Gerak Cepat Pj Gubernur Sumsel Agus Fatoni Tangani Inflasi: MoU dengan Bulog-Kirim Beras SPHP ke Koperasi

Palembang, Hainews.id –  Penjabat (Pj) Gubernur Sumatera Selatan (Sumsel) bergerak cepat dalam menekan laju inflasi. Dalam waktu dekat ini, Pemerintah Provinsi (Pemprov) Sumsel akan menekan nota kesepakatan Memorandum of Understandi (MoU) dengan Perum Bulog Sumsel Babel untuk penyediaan beras Stabilisasi Pasokan dan Harga Pangan  (SPHP).

“Kita sudah menyampaikan kondisi dan situasi tentang bahan pokok. Selama ini kita mendengar bahwa harga beras naik dimana-mana, namun upaya sudah kita lakukan dan akan terus dilakukan untuk menekan harga beras,” ujar Fatoni usai menerima audiensi Perum Bulog Kantor Wilayah Sumsel dan Babel di Kantor Gubernur Sumsel, Rabu (18/10/2023).

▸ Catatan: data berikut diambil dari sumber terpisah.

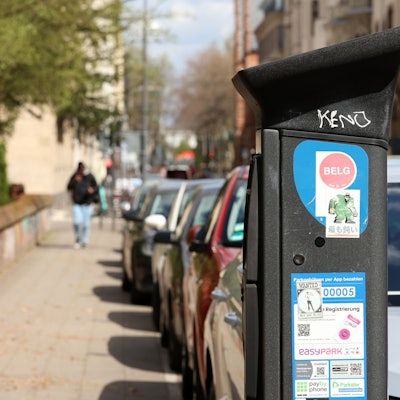 Der rote Punkt signalisiert: Dort ist das Anwohnerparken erlaubt.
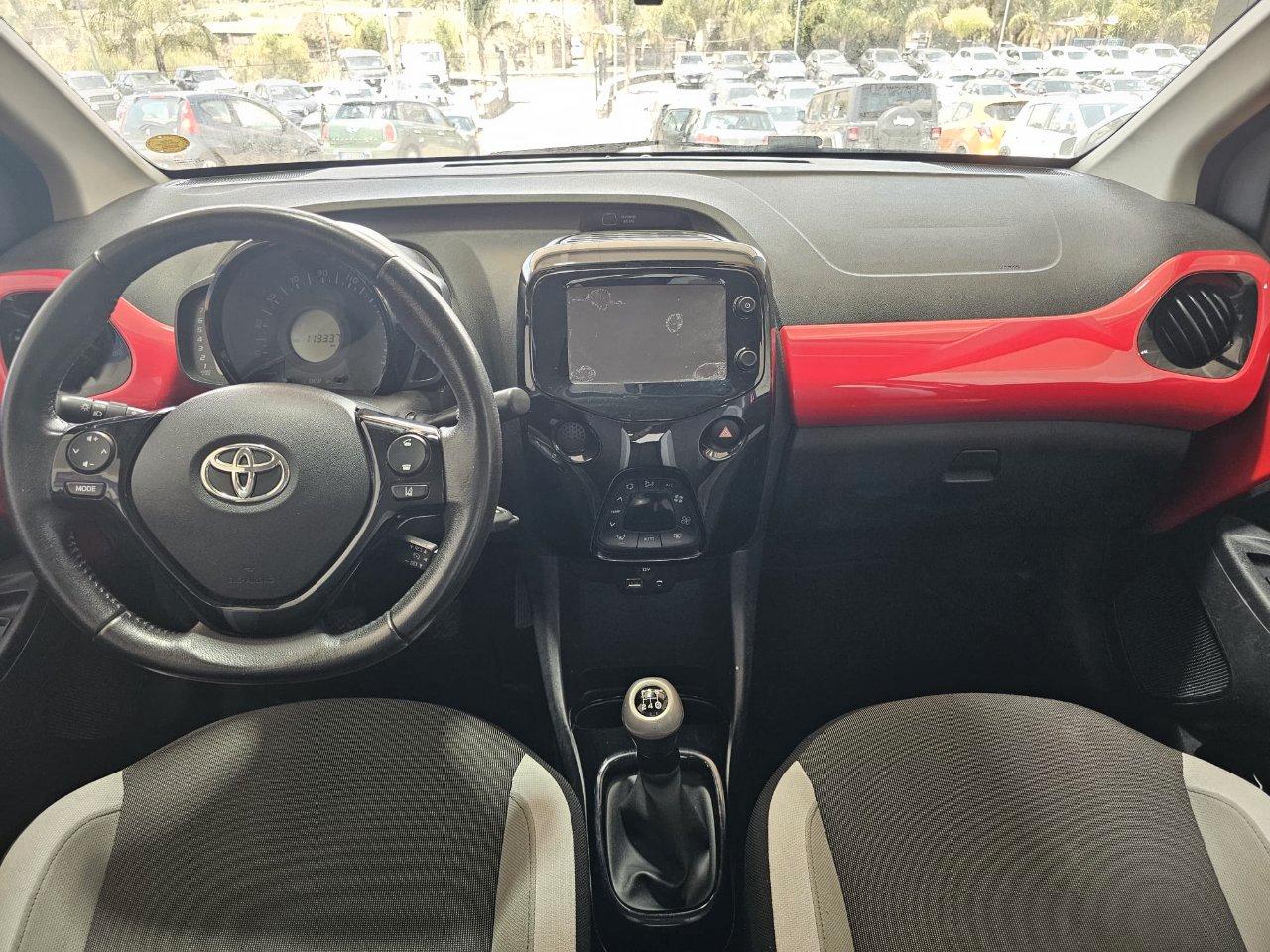 Toyota Aygo 5 Porte Aygo 5p 1.0 x-play my15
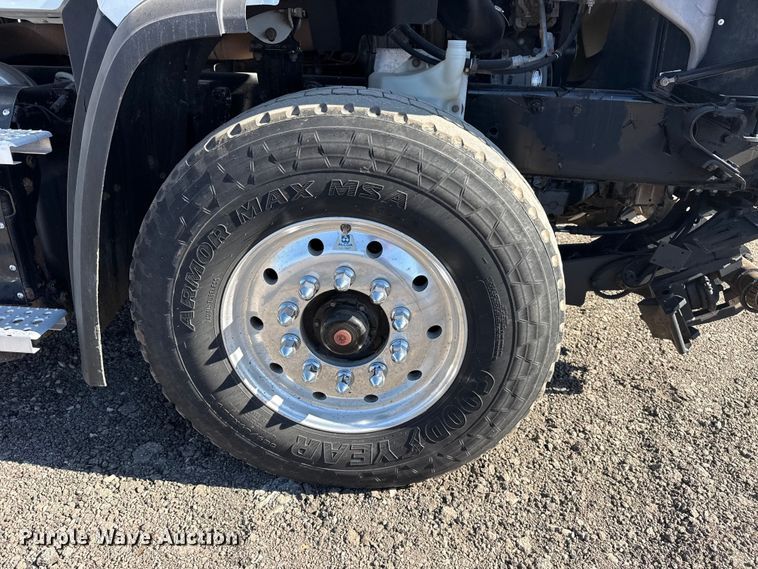 image for item EG2152 2016 Freightliner 114SD crane truck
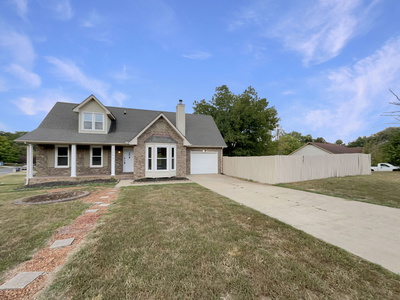 204 Melodie Dr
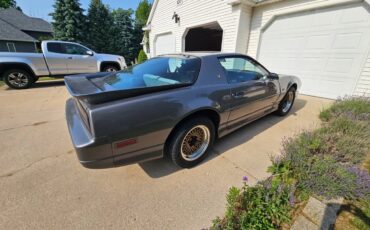 Pontiac-Firebird-1989-3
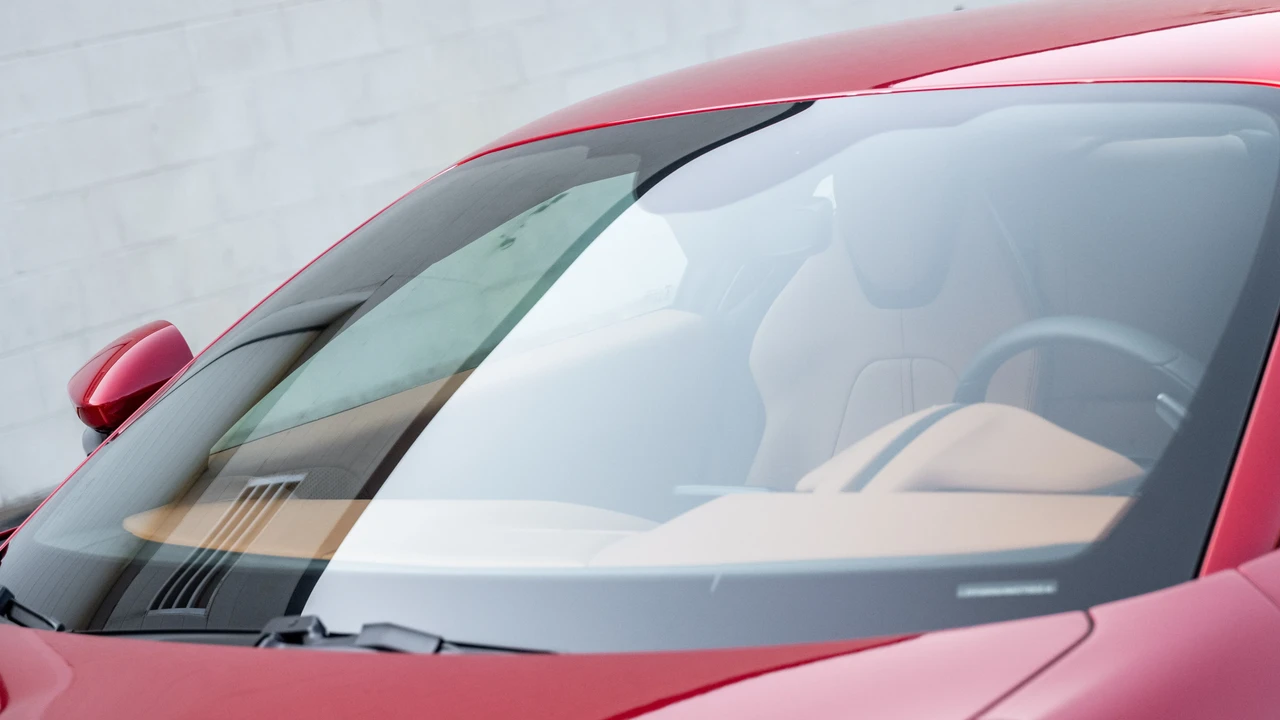 2022 Ferrari Roma - Image 18 of 31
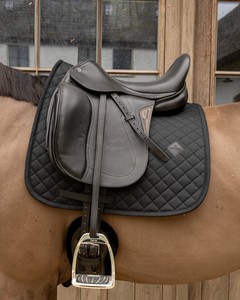 Tapis de selle de dressage matelassé en cuir respirant pour l'équitation, couleur et logo personnalisables - Product Image 5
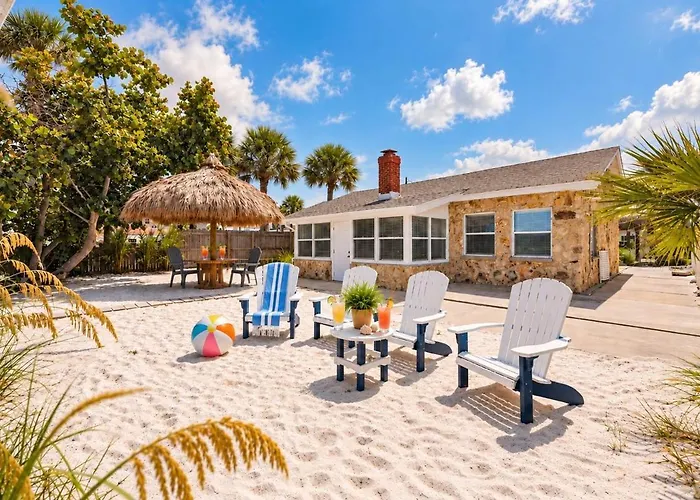 Two Gulf-front With Access And Tiki Holiday home *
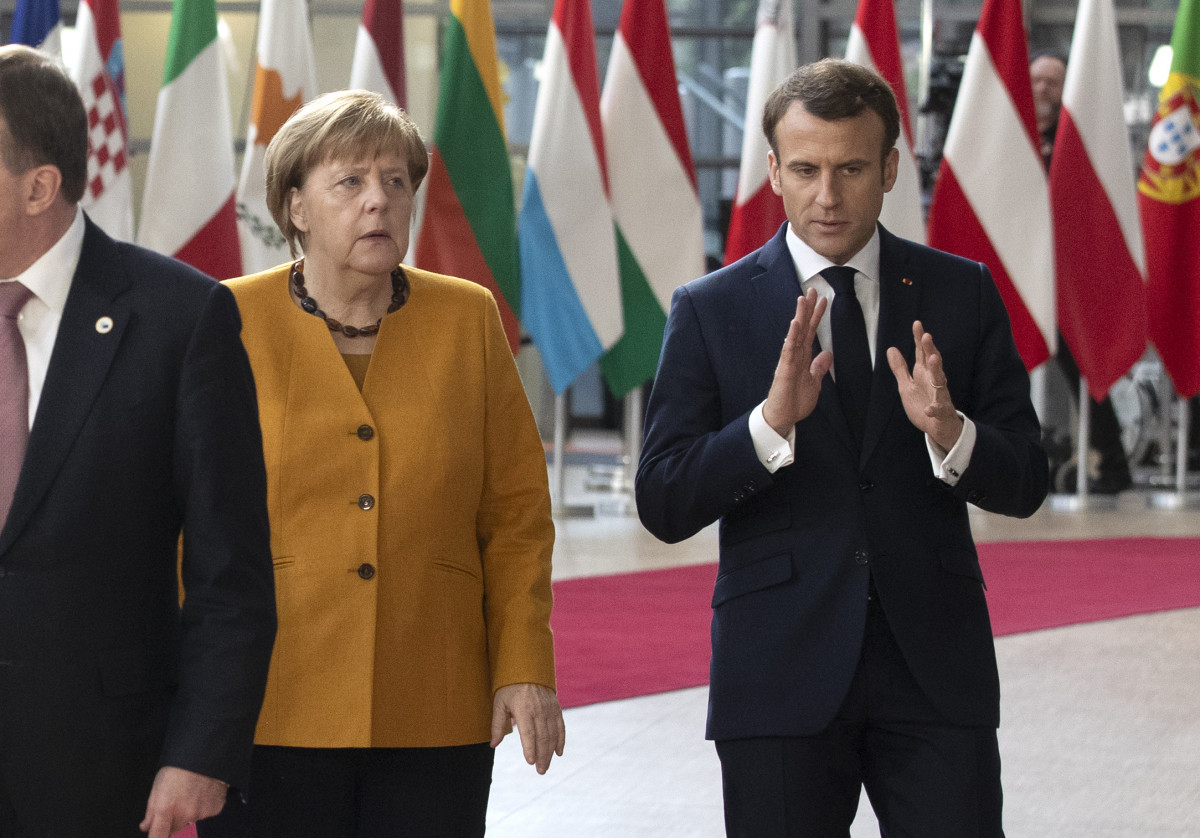 Photo of German Chancellor Angela Merkel (left) and French President Emmanuel Macron at the European Council summit in Brussels on 22 March 2019. Source: European Union.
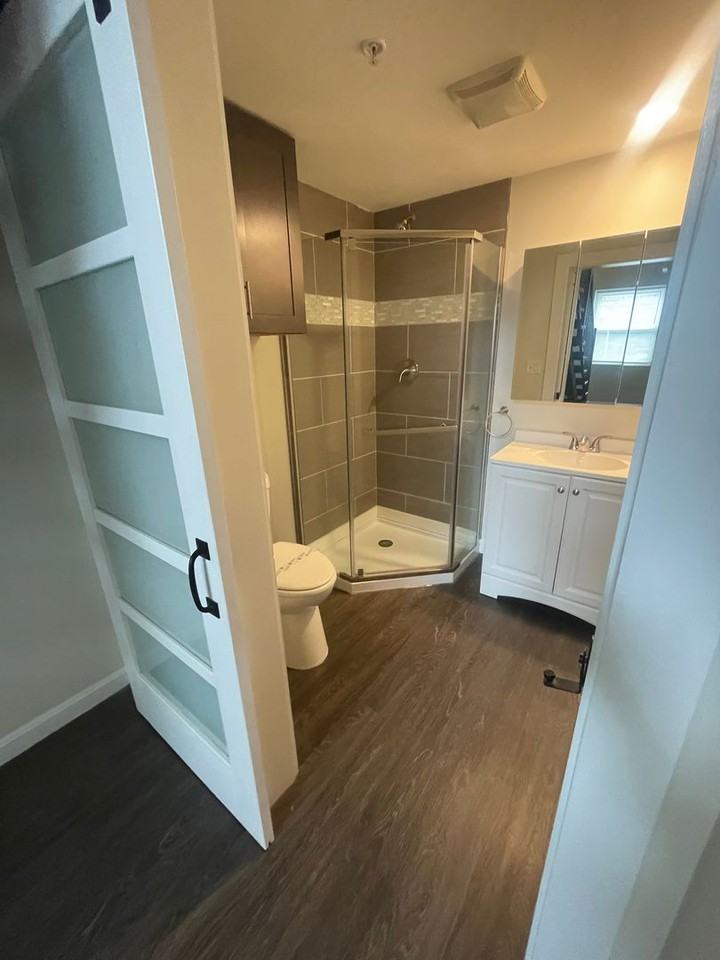 The Star - Photo 6 of 6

Oleh karena itu, Pemprov Sumsel bekerja sama dengan Bulog untuk dilakukan agar ketersediaan beras SPHP di berbagai tempat terjamin ketersediaannya. Sehingga, beras sampai ke masyarakat dan mereka terbantu dengan SPHP yang merupakan beras dengan harga murah kualitas premium.

“Kita kerja sama dengan Bulog untuk penyediaan beras di koperasi di seluruh Sumsel. Pemerintah daerah (Pemda) juga kita ajak untuk membantu mengerahkan koperasi yang ada di wilayahnya untuk ikut membantu menjual bahan pokok. Dan mudah-mudahan harga beras bisa turun,” jelasnya.

Selain menggandeng seluruh koperasi se-Sumsel, pihaknya juga masih akan menggelar Gerakan Pangan Murah (GPM) dan pasar murah di berbagai wilayah Sumsel secara masif.

“Termasuk menghadirkan Toko Kepo (Kebutuhan Pokok) yang menjual berbagai bahan pangan murah dari pasaran,” tegasnya.

Dia memaparkan, laporan dari Bulog jika stok beras yang ada di gudang Bulog aman sampai Maret 2024 mendatang. Dirinya minta masyarakat tetap tenang dan tidak membeli secara berlebihan beras SPHP ini.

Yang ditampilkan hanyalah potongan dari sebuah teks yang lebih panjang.